Task instructions =>
An exact transcription of every entry is required, with the images left out.

Source material =>
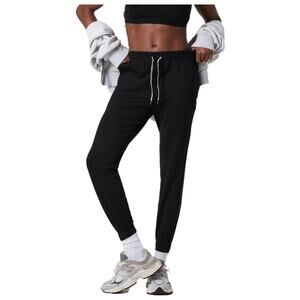 Vuori Women’s Performance Jogger - Size L in Black *EUC VW303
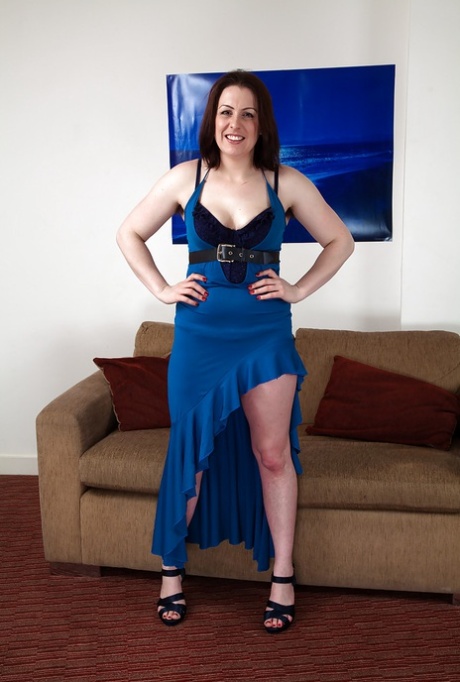 Mollige rijpe Jenna Brooke toont haar lichaam in een blauwe jurk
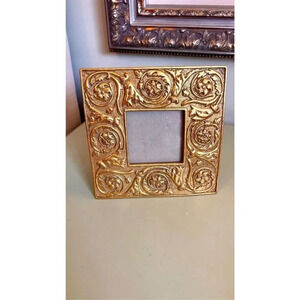 Vintage Heavy Ceramic Photo Picture Frame Floral Design 7x3 Decor
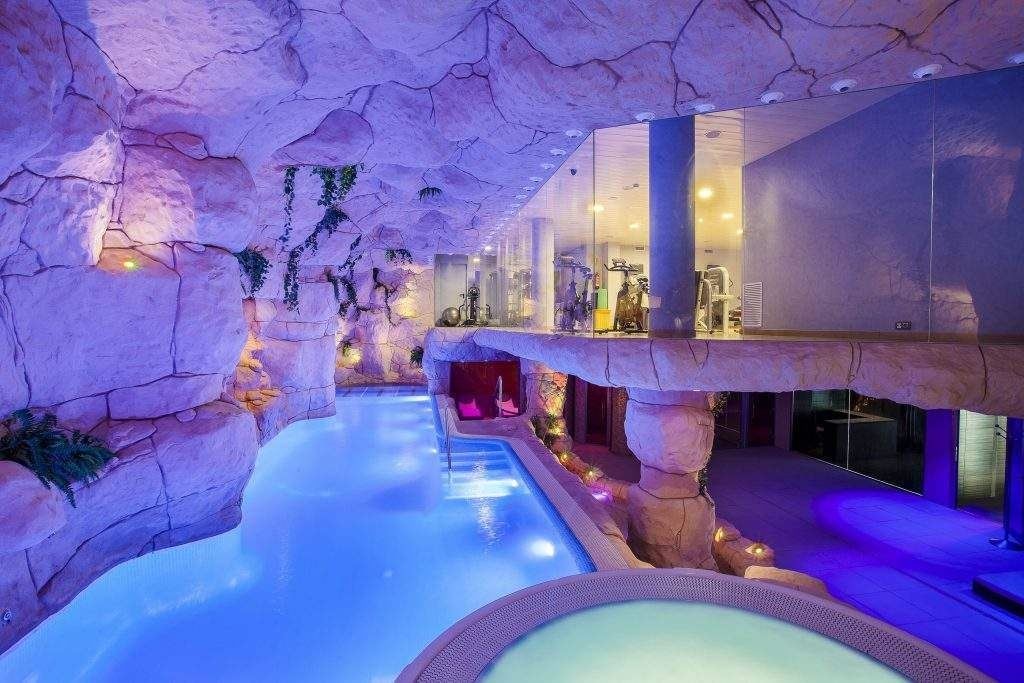 pools-indoor-pool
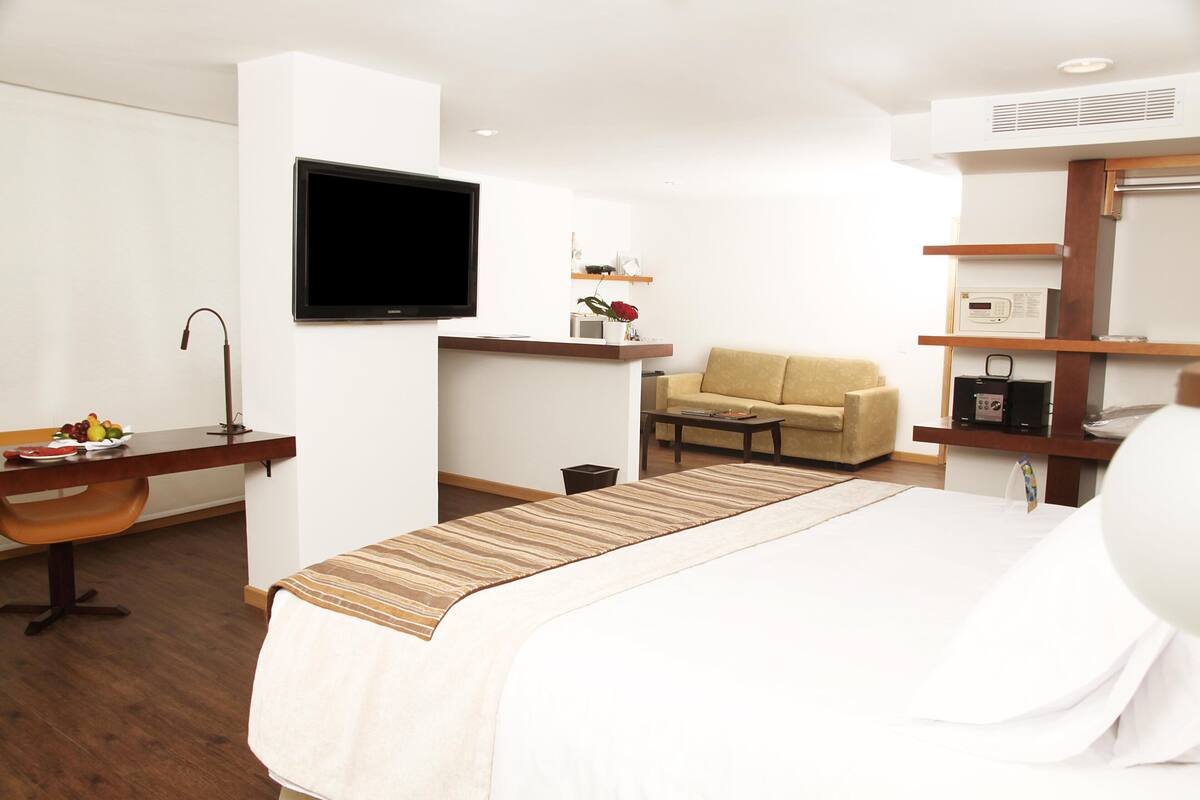 Premium bedding, down comforters, minibar, in-room safe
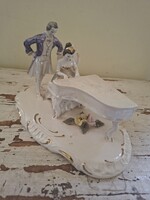 Elegáns porcelán figura – Zongorázó rokokó pár (Porcelán szobor)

Answer space =>
 Vuori Women’s Performance Jogger - Size L in Black *EUC VW303
 Mollige rijpe Jenna Brooke toont haar lichaam in een blauwe jurk
 Vintage Heavy Ceramic Photo Picture Frame Floral Design 7x3 Decor
 pools-indoor-pool
 Premium bedding, down comforters, minibar, in-room safe
 Elegáns porcelán figura – Zongorázó rokokó pár (Porcelán szobor)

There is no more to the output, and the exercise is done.